A lot of people who have less information than me or who I have not sufficiently explained my decision think that I am overreacting to the situation. So I will just list a few of the factors involved.

The Experiment

This experiment of whales counter-voting whales to enforce a no-whales-voting scheme to me is an act of desperation that is caused by the self-interested resistance of the large stakeholders in Steemit, that has led to their continuing resistance to the elimination of compounding of the vote power calculation. The evidence is abundantly visible that this experiment has resulted in a distribution that is more friendly to new users, without requiring makeshifts like the Steemit Guild and others.

Hacks to work around problems caused by consensus policies that are destructive

Not only the experiment, and @abit and @smooth also, along with a couple of others, have been running policies in their voting on especially top 19, whereby they withdraw votes from top 19s that are having frequent block misses.

This tells me that essentially a proposal that I made some time ago, that there should not be a fixed block of active witnesses paid equally, but rather progressively increasing block allocations, combined with an automated system of lowering the block allocation level for failing witness nodes, to maintain the majority (over 99%) of the time there being no block misses at all.

This is another hack being implemented that tries to work around proven incorrect consensus rules that Steemit, Inc. refuses to address.

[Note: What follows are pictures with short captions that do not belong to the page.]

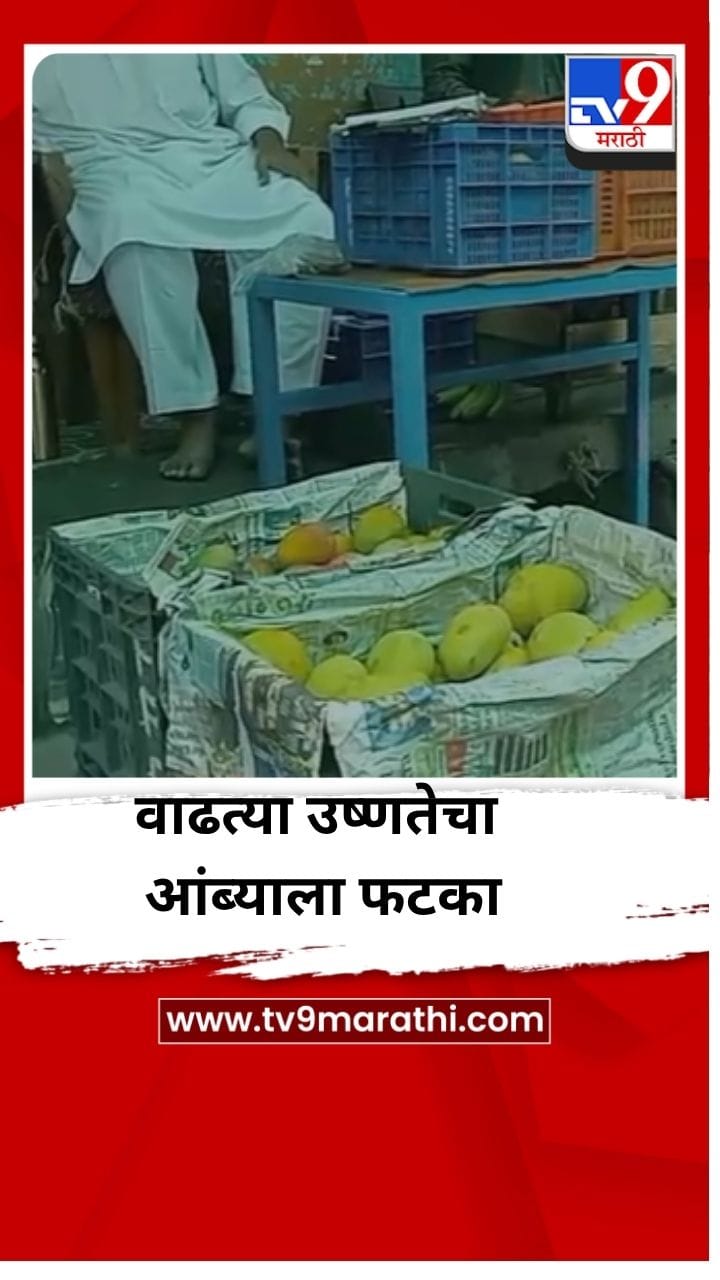 वाढत्या उष्णतेचा आंब्याला फटका, फळाची स्वस्त दराने विक्री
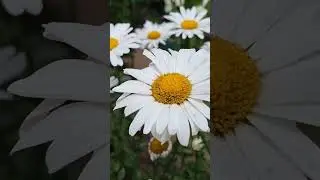 23 июня 2024 г.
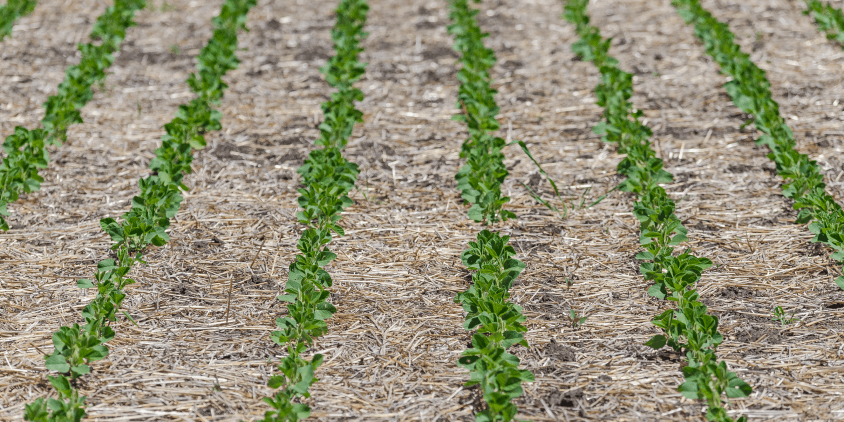 Что такое технология No-Till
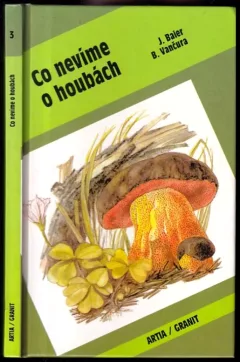 Co nevíme o houbách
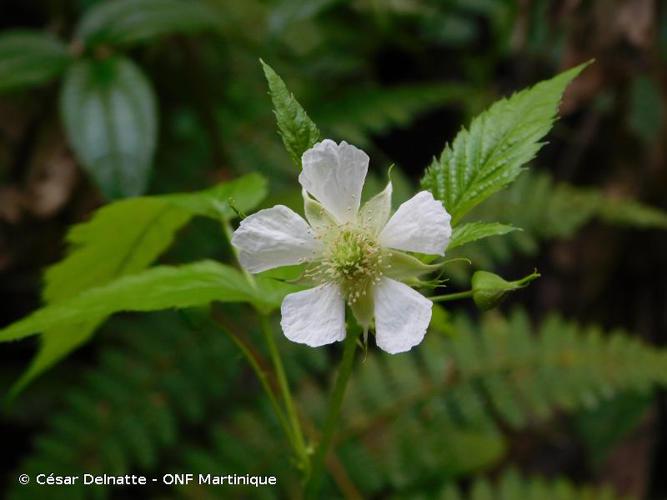 <i>Fragaria vesca</i> L., 1753 © César Delnatte - ONF Martinique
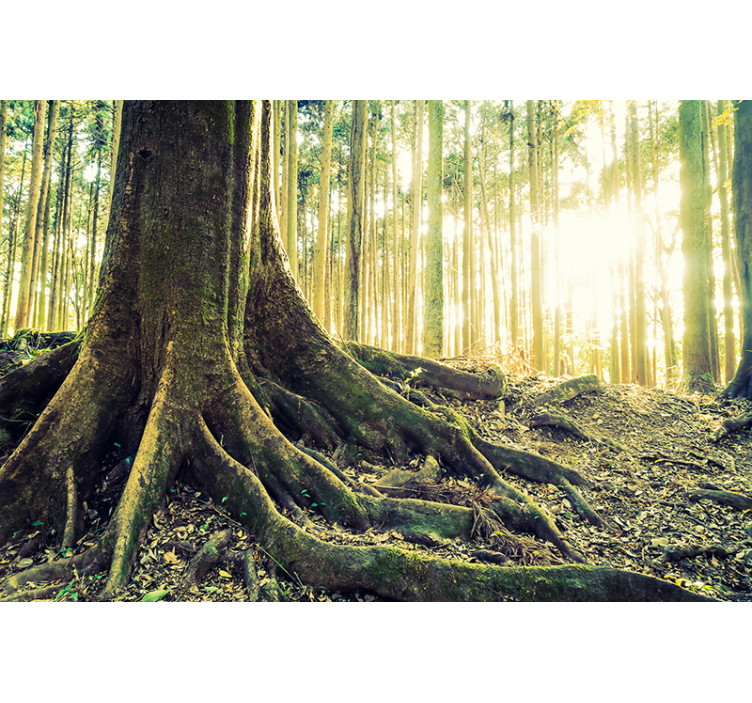 Mural de bosque raíces de árbol iluminadas - TenVinilo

The oldest form of this is the Streemian and other vote following systems, guilds, such as Curie and Steemtrail and Christiantrail. This is also a hack, that took a whole year, despite these user-driven workarounds for the compounding vote power calculations for rewards. Like any hack, it does not work well, and Steemit should have paid attention to the continuing mushroom of this kid of efforts from users, and changed the rewards curve.

But no. Nothing.

Arbitrary and un-heralded API changes

It is fair enough to say that the API in a beta software system cannot be entirely relied upon. Some of the calls may not work perfectly, some may not work at all. But when one is working, and it's changed, and it impacts the business of respected users, like @someguy123 and Anonsteem, as HF18 has done, this is literally money being taken away by Steemit from these respected users. Or in other words, yet another sign of disrespect and disinterest in serving the community.

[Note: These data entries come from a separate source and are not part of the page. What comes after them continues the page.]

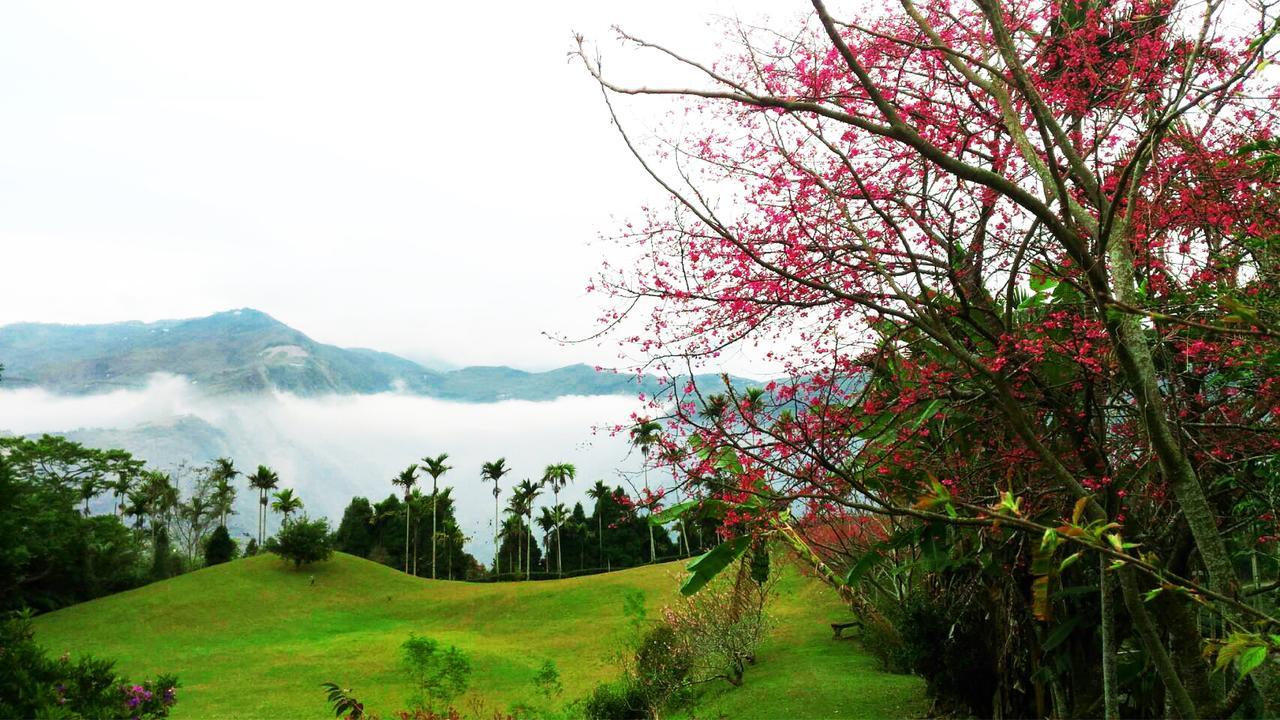 Foggy Wonderland Vila Zhushan Exterior foto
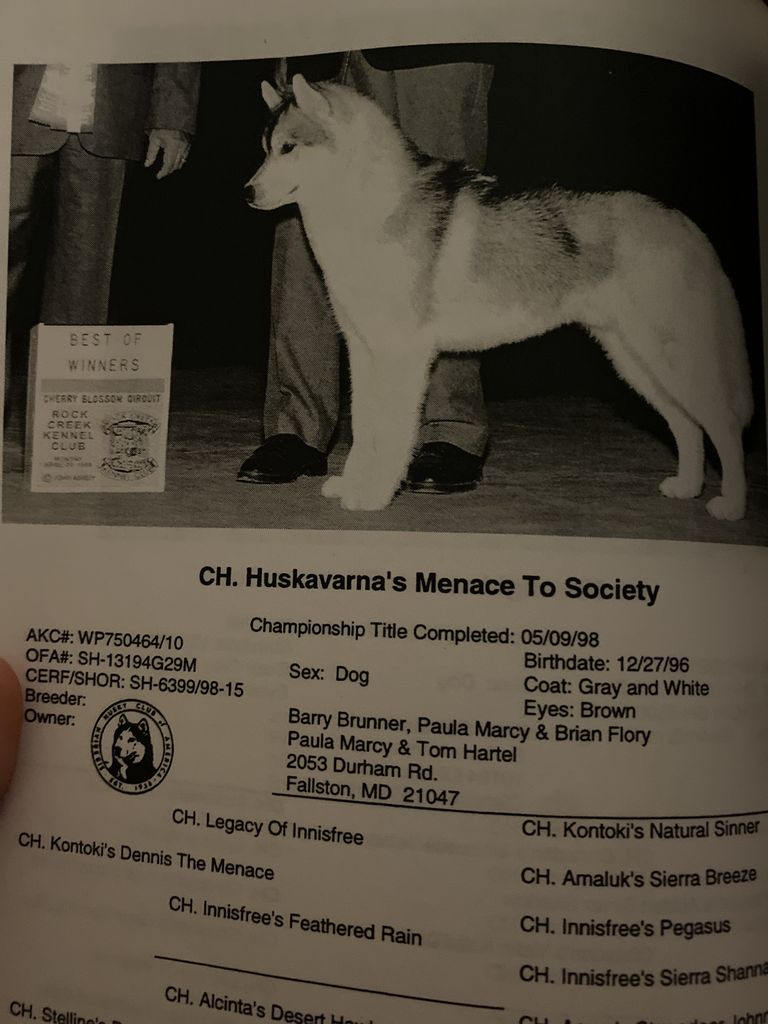 Photo of Huskavarna’s Menace To Society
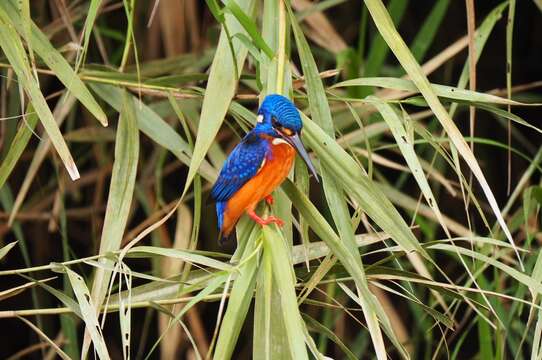 Alcedo meninting Horsfield 1821 resmi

This has also adversely impacted @xeroc's efforts to maintain a python interface to the Steem API. I have personally run into this problem and the workload has been too much for him to keep it up to date. I went to go and use what was working a couple of months earlier, and discovered it was broken - much of the code is broken, and this was because there was pressure put on him over the use of the name Steem, leading to a waste of resources on rebranding.

Selfish actions by high level members and former members of Steemit, Inc.

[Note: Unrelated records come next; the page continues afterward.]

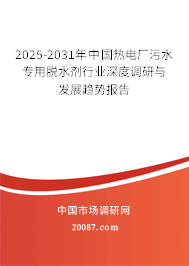 2025-2031年中国热电厂污水专用脱水剂行业深度调研与发展趋势报告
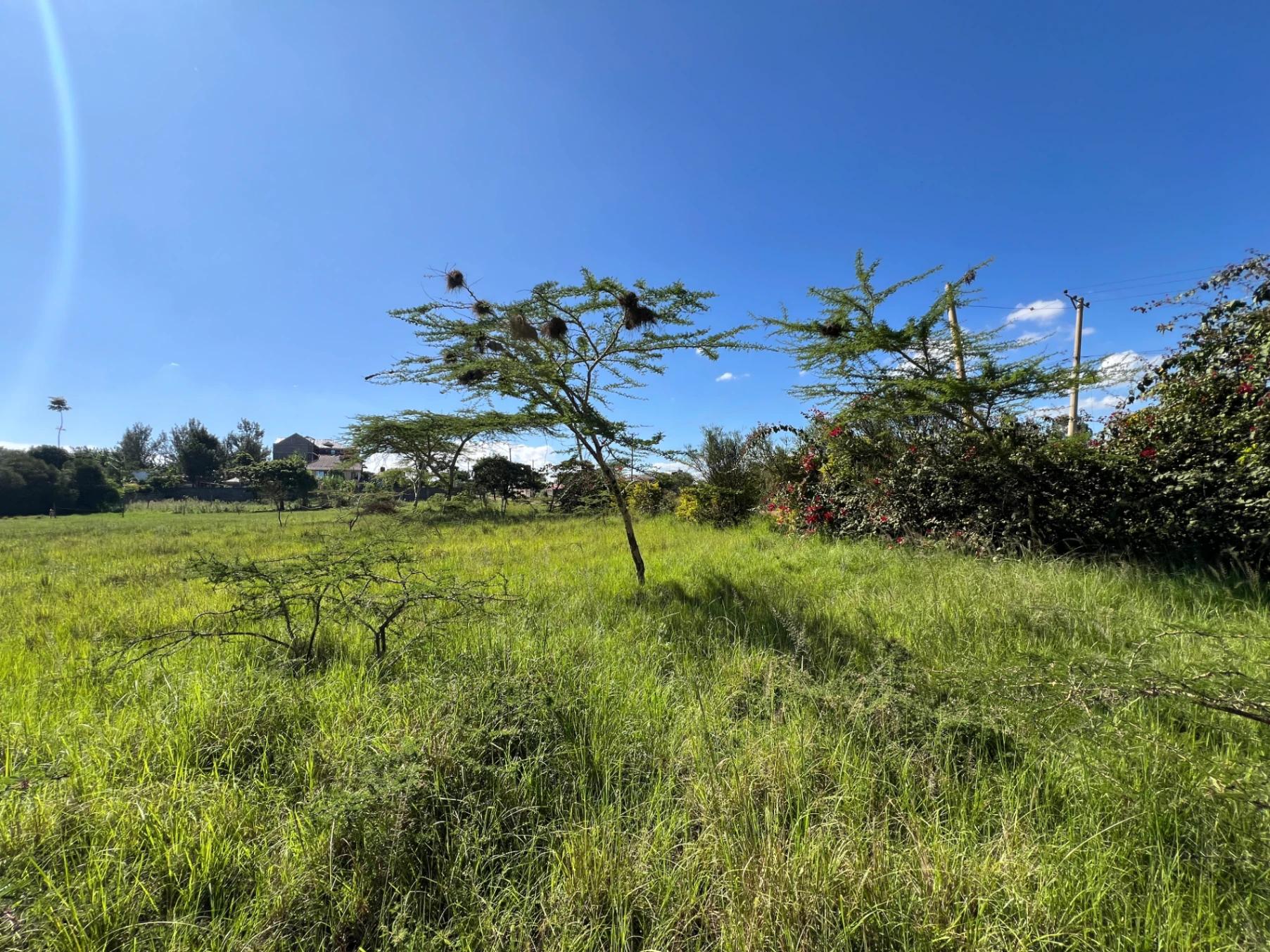 Land for Sale – Mugutha, Kiganjo Road (Ruiru) - Image 6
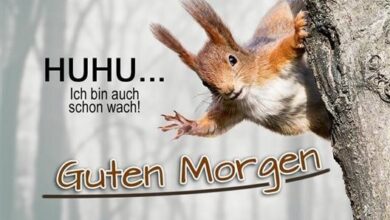 ᐅ guten morgen bilder eichhörnchen - Guten Morgen GB Pics - GBPicsBilder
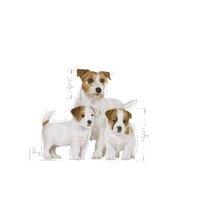 starteris maistas - ROYAL CANIN Mini Starter Mother&Babydog 1kg - 3 nuotrauka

The most recent one was of Dan Larimer upvoting his own post to put it high on the trending page. He actually said, and if you do the research, you can find evidence of him claiming he would never do this. Dan is probably the worst offender in this, and this was partly why he resigned. It had nothing to do with the software licence, and I can show you a post from him in March 2017 on his blog where he even says that 'a fully open source licence would result in clones' - which would cause what problem exactly? oh yes, him losing his captive userbase, and not being accountable for bad management and breaking his word.

https://bytemaster.github.io/article/2016/03/27/How-to-Launch-a-Crypto-Currency-Legally-while-Raising-Funds/

Also, the picture of his own head on the blog there, which I have snapped for posterity, being so big, is an unconscious signal to his readers that he has a narcissistic personality disorder.

Narcissism is a warning sign that people should not ignore, it means that when the situation suits them, they will stab everyone in the back who was loyal to them. That's you, me, and most of the people on the platform.

Conclusion

I did not take this decision lightly, because despite all the massive problems, the platform has stimulated me towards realising life goals, as has happened to many. The bad in it cannot be thrown away with the good, but because Steemit refuse to throw away the bad, we are saddled (like @faddat's analogy of the steem user community being ridden by a cruel and narcissistic and ugly jockey) with an unsatisfactory situation in which we are being steadily turned away from this and I am not the only one who is leaving because of the gross disrespect of the developers of the platform and the management.

I will continue to keep my witness up and running, for what it's worth, until the rental on the server expires, and I expect and don't mind that some of the people who have supported my witness service with their votes will disapprove my witness... I did a lot of work toward getting it solid and dependable, and easy to manage, but I can't justify anymore supporting a platform that is effectively privately owned, and mismanaged - or perhaps more accurately, controlled in order to keep the power in their hands, when they clearly have proven they are irresponsible.